The peak body for the community and social welfare sector, ACOSS, says it will use its 2011 National Conference in Melbourne to illustrate the worsening plight of disadvantaged groups and people struggling on low incomes, which it says is leading to growing inequality in Australia.
  
"The indications are that more people are hitting hard times and falling into poverty," said Dr Cassandra Goldie, CEO, Australian Council of Social Service.
  
"At last count it was estimated that over 2.2 million people in Australia were living in poverty and 105,000 were homeless, but we believe these numbers are likely to be higher.
  
"Preliminary figures from our 2011 Community Sector Survey show the number of people accessing and being turned away from services is increasing, especially in the areas of disability, housing and homelessness, and youth welfare services. But the largest increase is in area of financial support and/or emergency relief, which has seen a 47% increase in the numbers of people turned away.
  
"The data is still being analysed and we expect to release a comprehensive report sometime in April, but the picture is already clear, and we are seeing enormous strain on community welfare groups. More than half the 745 organisations surveyed reported that they are struggling to meet the growing demand (54.8%). And the recent flood disasters are likely to have made this situation more acute, which occurred after survey period (July 2009-June 2010).
  
"Across our network, which comprises thousands of community and social services groups around the country, including the big charities, there have been reports of a surge in demand for emergency help during the Christmas holiday period, attributed to the accelerating cost of living pressures.
  
"St Vincent de Paul Society and Anglicare for instance, both reported a jump of about 30 per cent when most charities usually expect an 8-10 per cent increase for help around this peak period.
  
"We know the cost of essential items and services like food, rent, energy, health, education, clothing and transport costs continue to go up. In fact since 2000, the cost of living in Australia, as evidenced by the CPI has risen by 34% with energy expenses in particular doubling in the past decade and expected to double again in the next 5 years. And ACOSS believes this is understating it as the CPI isn"t necessarily the best measure to reflect the disproportionate impact of the rise of essential goods and services for people on the lowest incomes.
  
"We know that nationally over a million low-income households are in housing stress with housing costs exceeding more than 30% of household income. 65% of people on low incomes in private rentals currently experience housing stress, with many of these households spending over half their income on rent.
  
"And whilst the cost of staying afloat has gone up, those people who some of the most reliant on our social safety net - people who are unable to get paid work - have not had commensurate increases in their social security payment - the Newstart Allowance.
  
"Although there have been some efforts by the Australian Government to alleviate these pressures, especially in response to the recent global financial crisis, with lump-sum payments to families, pensioners and carers, and increases to pensioners, other disadvantaged groups, such as those on Newstart and sole parents have missed out.

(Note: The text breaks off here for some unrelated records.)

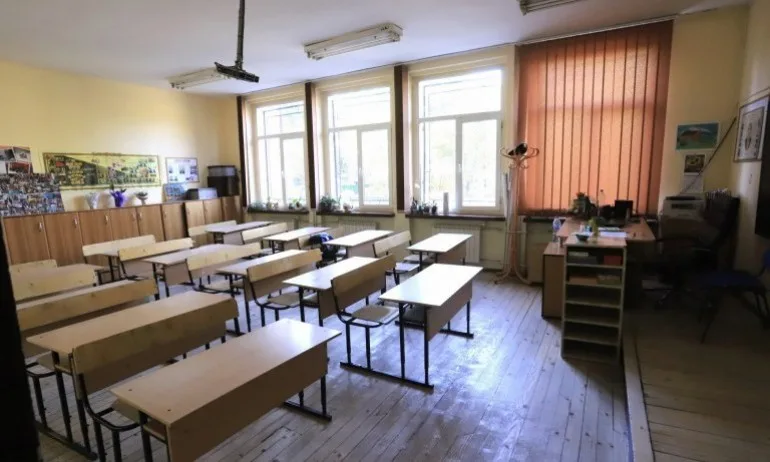 Над 71% от учителите подкрепят започналото дистанционно обучение - Tribune.bg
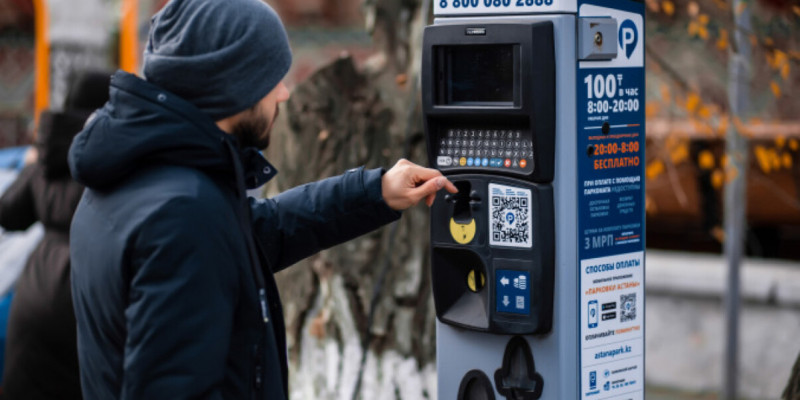 Мәжілісмен ақылы автотұрақтар санын азайтуды ұсынды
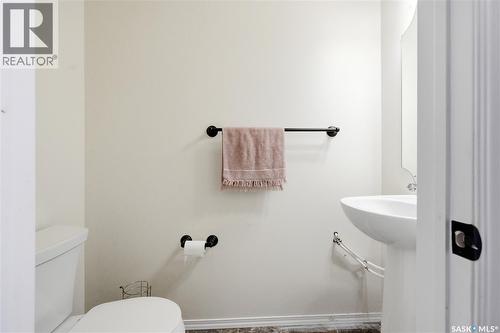 570 150 Langlois Way, Saskatoon, SK - Indoor Photo Showing Bathroom
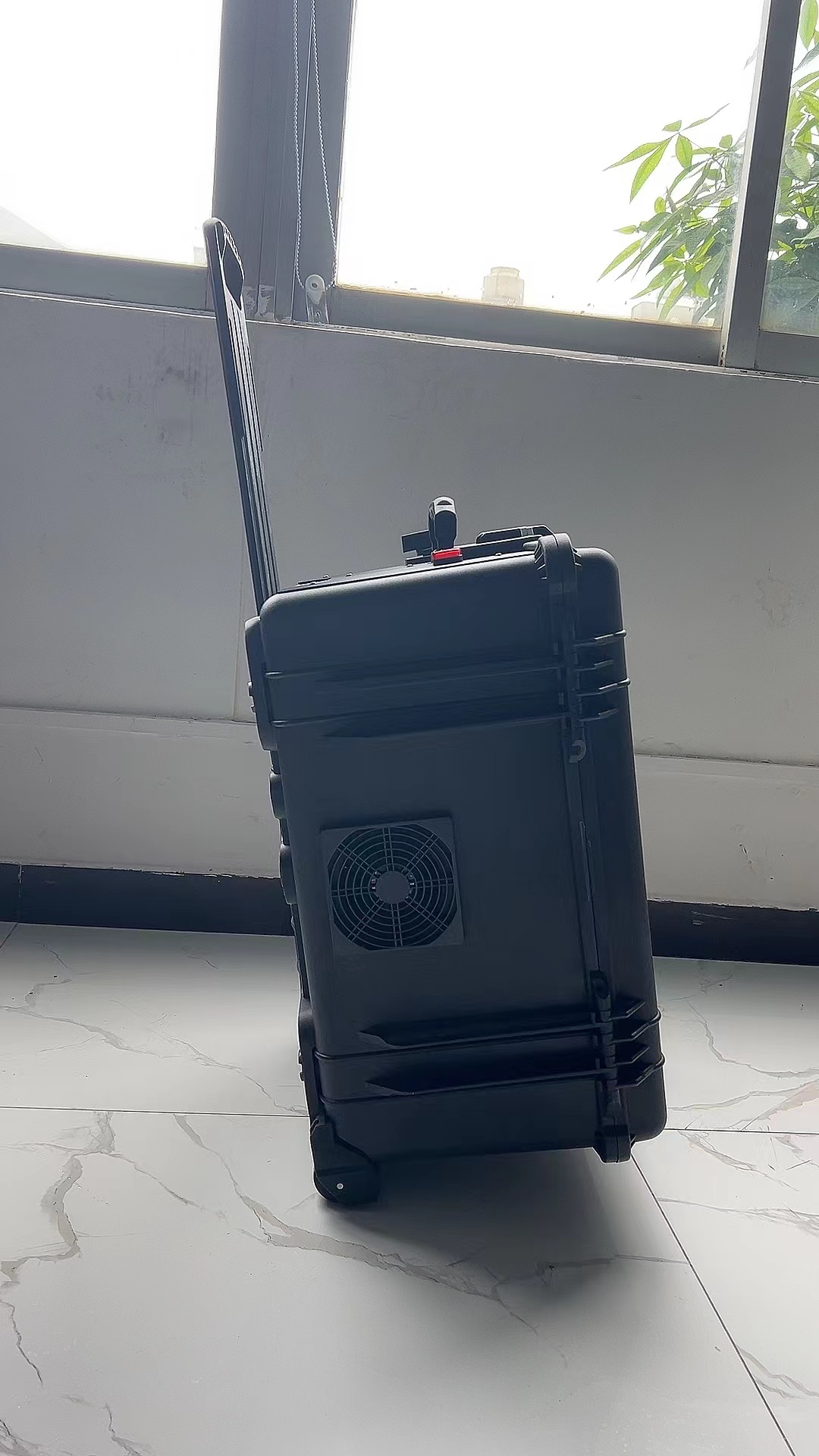 上海手拉箱型移动通信干扰器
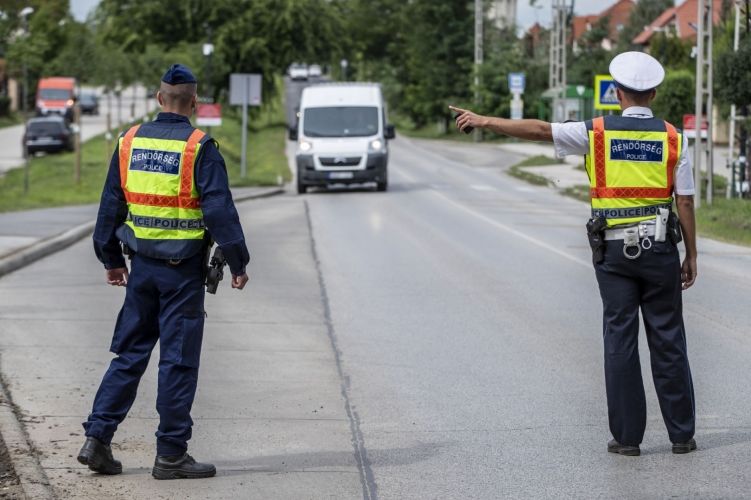 Közúti ellenőrzés, rendőrök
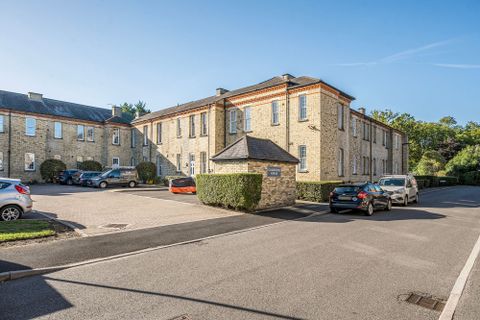 Horton Crescent, Epsom KT19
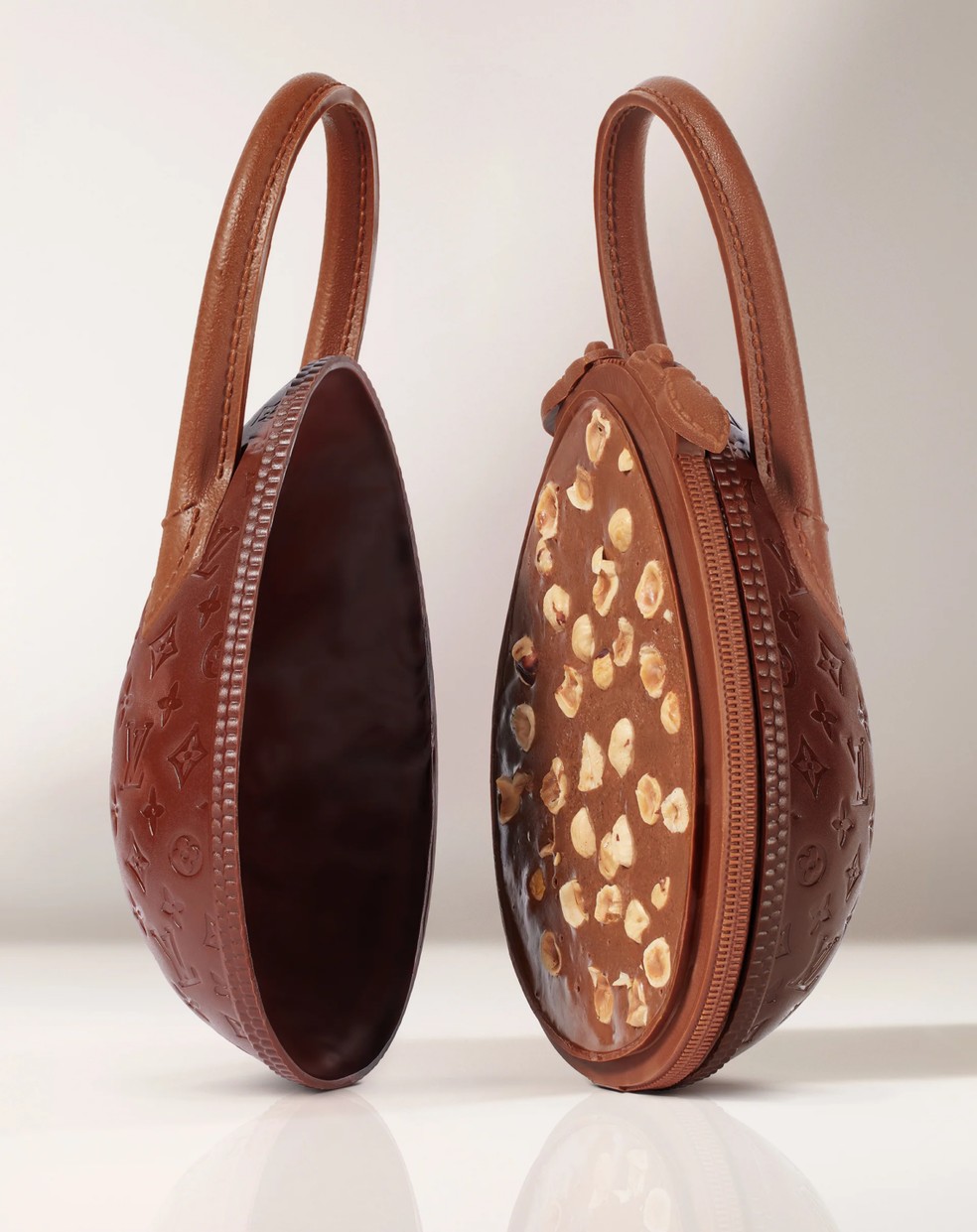 O Egg Bag da Louis Vuitton virou chocolate de luxo nas mãos do chef Maxime Frédéric. — Foto: Divulgação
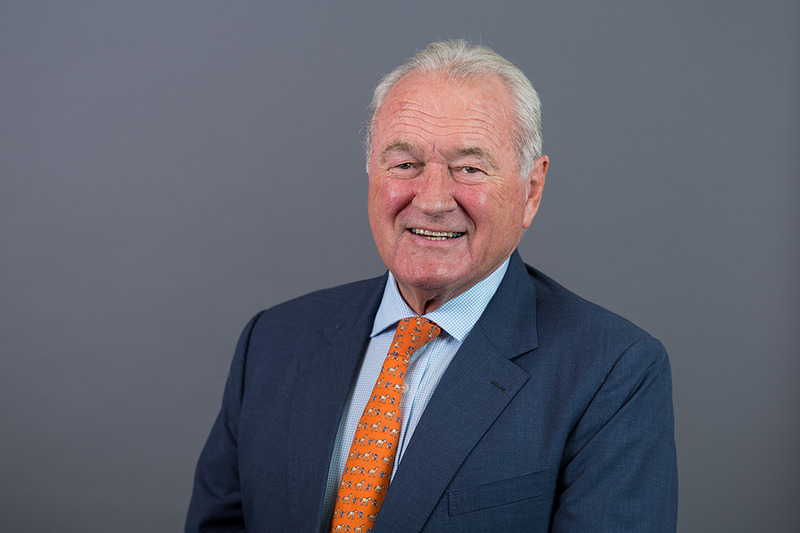 0045-AV5 - HEADSHOTS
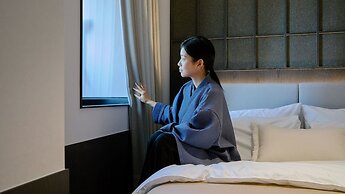 Loop Seoul Hotel Retreat By Anook Hongdae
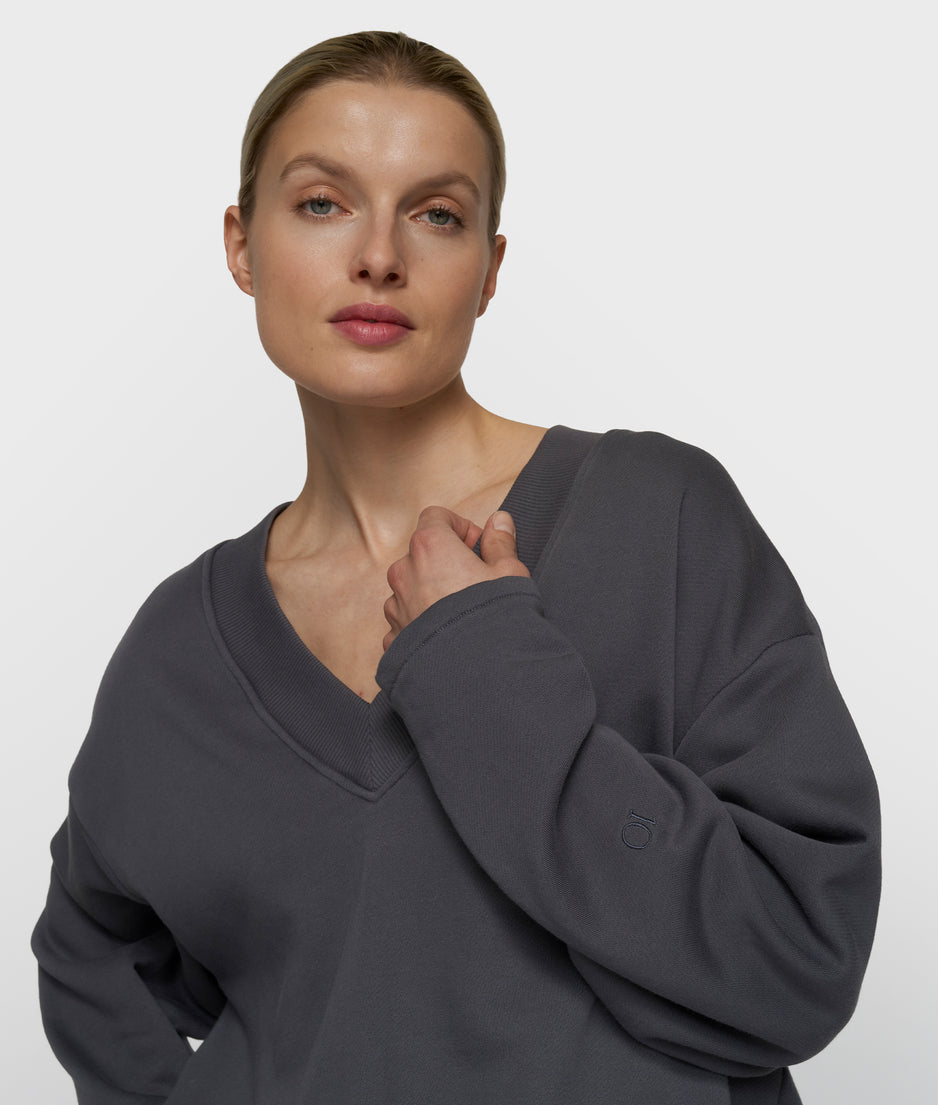 V-hals balloon sweater | steel blue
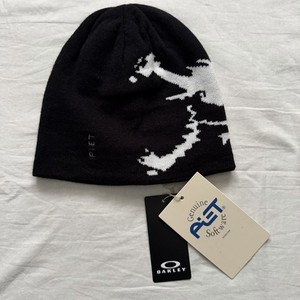 Oakley Ellipse Beanie | eBay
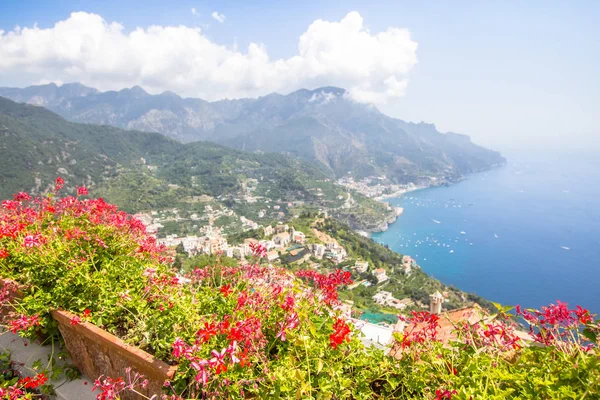 Pots de fleurs sur le point de vue sur la côte amalfitaine, Italie — Photo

Even when there are slight increases to meet increases in cost of living, these groups always receive less because of the way payments are indexed.
  
"Right now, a person living on Newstart receives just $34 dollars a day, and their last increase to cover the cost of living was less than 40c per day ($5.20 per fortnight). Newstart is now a massive $127 less than the amount received by people on pensions.
  
"We are particularly concerned about people facing long term unemployment, as they fall deeper into poverty and risk of homelessness. The number of people becoming unemployed long term continues to rise, despite the fact that Australia"s unemployment rate is down to 5.0%.
  
"All of this paints a worrying picture that challenges our long held notion of a fair and egalitarian society and requires the attention of our key policy and decision makers. We have urged action on a number of fronts, including reforms to social security payments, employment services, and our taxation system. ACOSS will use this week"s National Conference to highlight these issues and allow community service groups working at the coalface to point the way forward.
  
"The Conference provides an opportunity for all of these issues to be put on the table and dissected by community workers, researchers, and government representatives, so we find ways to deal with these growing problems and reverse the current trend of growing inequality which threatens to make us poorer as a nation," Dr Goldie said.
  
May 2011
  
Blaming people for their own poverty, by Dr John Falzon.
  
According to a recent OECD report Australia has one of the lowest unemployment benefits in the developed world.
  
Since the mid-1990s, people experiencing unemployment have been increasingly disadvantaged compared with average weekly earners and the aged pension recipients.
  
Social, economic and political exclusion is a systematic action that is done to people. It is not something that people happen into by means of bad luck, bad choices or bad karma. It is manifested in individual lives as a unique intersection between personal narrative and the axes of history and structure.
  
Recently we have seen the Australian Prime Minister appearing to compete with the Leader of the Opposition on who can engage in the toughest welfare-bashing. Our problem in Australia is not the “idleness of the poor”, as perniciously proposed by welfare-bashers of all political stripes. Our problem is inequality. This is a social question, not a question of behaviour. We do irreparable harm when we turn it into a question of individual behaviour, blaming people for their own poverty.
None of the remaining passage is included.